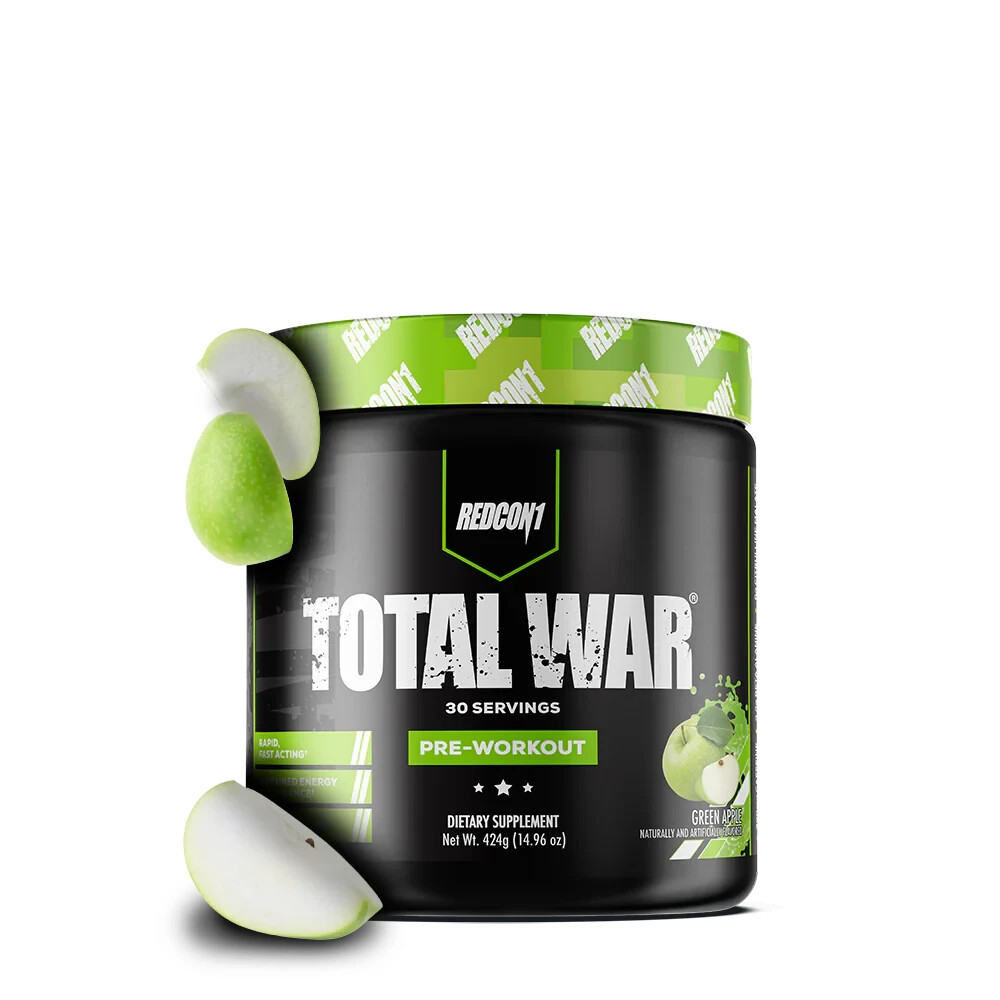 Redcon1 Total War Preworkout 30 Serving Powder Redcon Green Apple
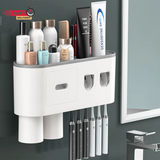 0170 Merge  Hushnow Toothbrush Holder Wall Mounted Double Toothpaste Dispensers With 6 Brush Holders Z114.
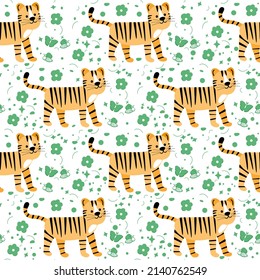 Wildlife Africa Nature seamless pattern Vector illustration African animal Tiger. Safari Zoo Savanna Childish drawing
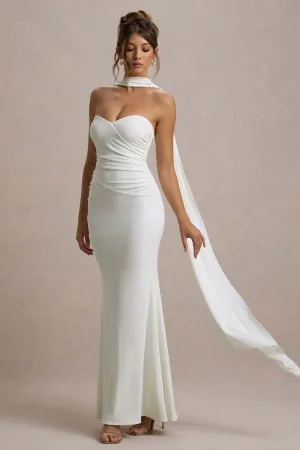 Rosabel | Cream Sweetheart Maxi Dress With Sash Club L London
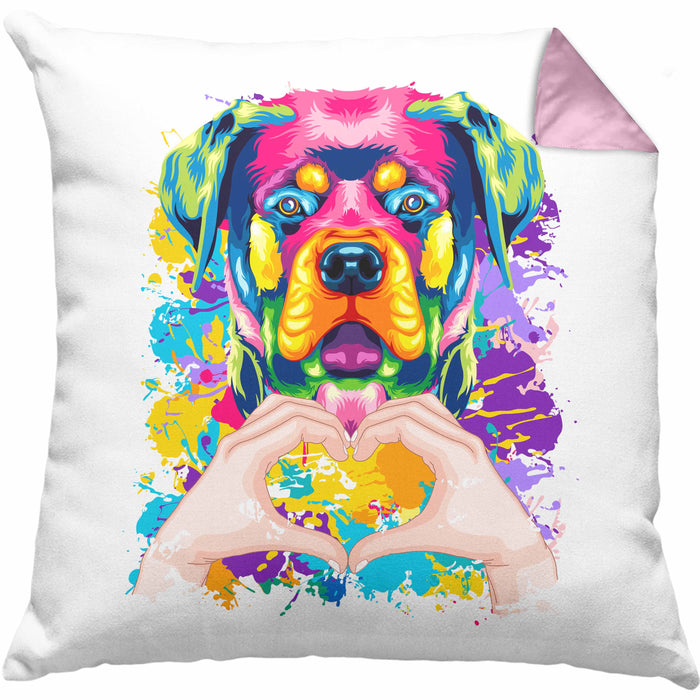 Rottweiler Besitzer Farbe Love Kissen mit Füllung 40x40 Geschenk Lustiger Spruch Geschenkidee Rottweiler Besitzerin (Grau) Rosa Trendation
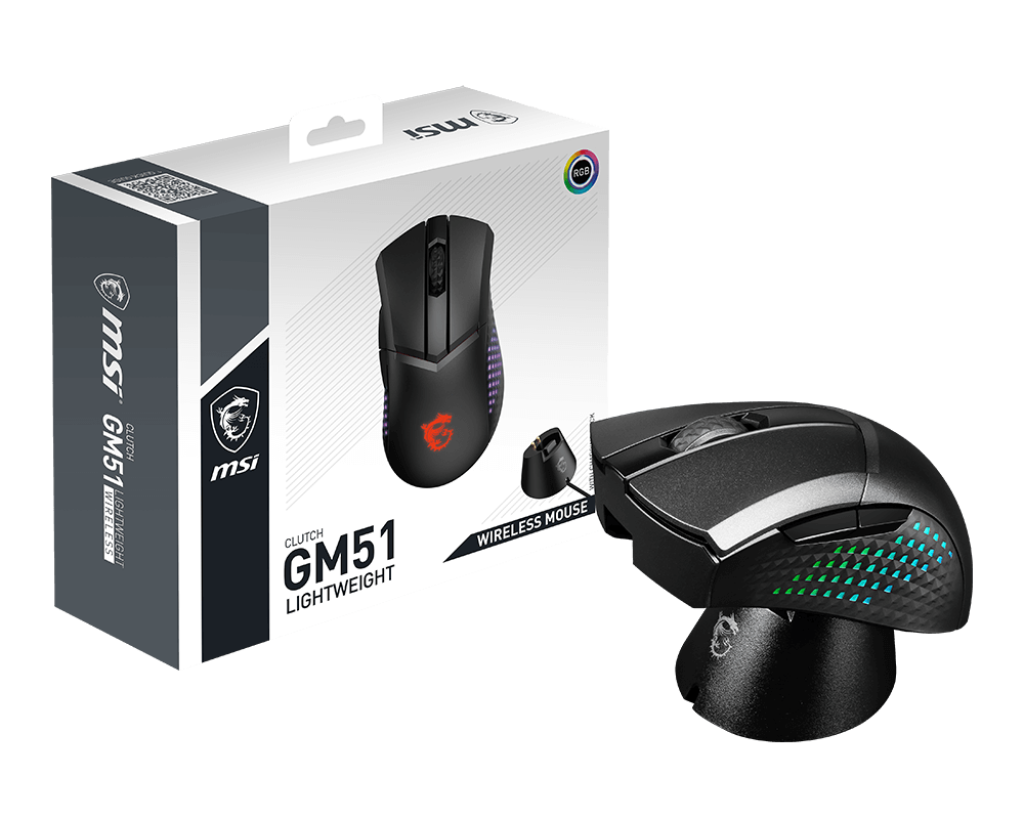 MSI Clutch GM51 Lightweigth Wireless 26000DPI 6 Tuş RGB Optik Kablosuz Gaming Mouse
##############################
What is needed:
All of the data must be set down exactly, with no pictures included.

Exercise solution:
 Redcon1 Total War Preworkout 30 Serving Powder Redcon Green Apple
 0170 Merge  Hushnow Toothbrush Holder Wall Mounted Double Toothpaste Dispensers With 6 Brush Holders Z114.
 Wildlife Africa Nature seamless pattern Vector illustration African animal Tiger. Safari Zoo Savanna Childish drawing
 Rosabel | Cream Sweetheart Maxi Dress With Sash Club L London
 Rottweiler Besitzer Farbe Love Kissen mit Füllung 40x40 Geschenk Lustiger Spruch Geschenkidee Rottweiler Besitzerin (Grau) Rosa Trendation
 MSI Clutch GM51 Lightweigth Wireless 26000DPI 6 Tuş RGB Optik Kablosuz Gaming Mouse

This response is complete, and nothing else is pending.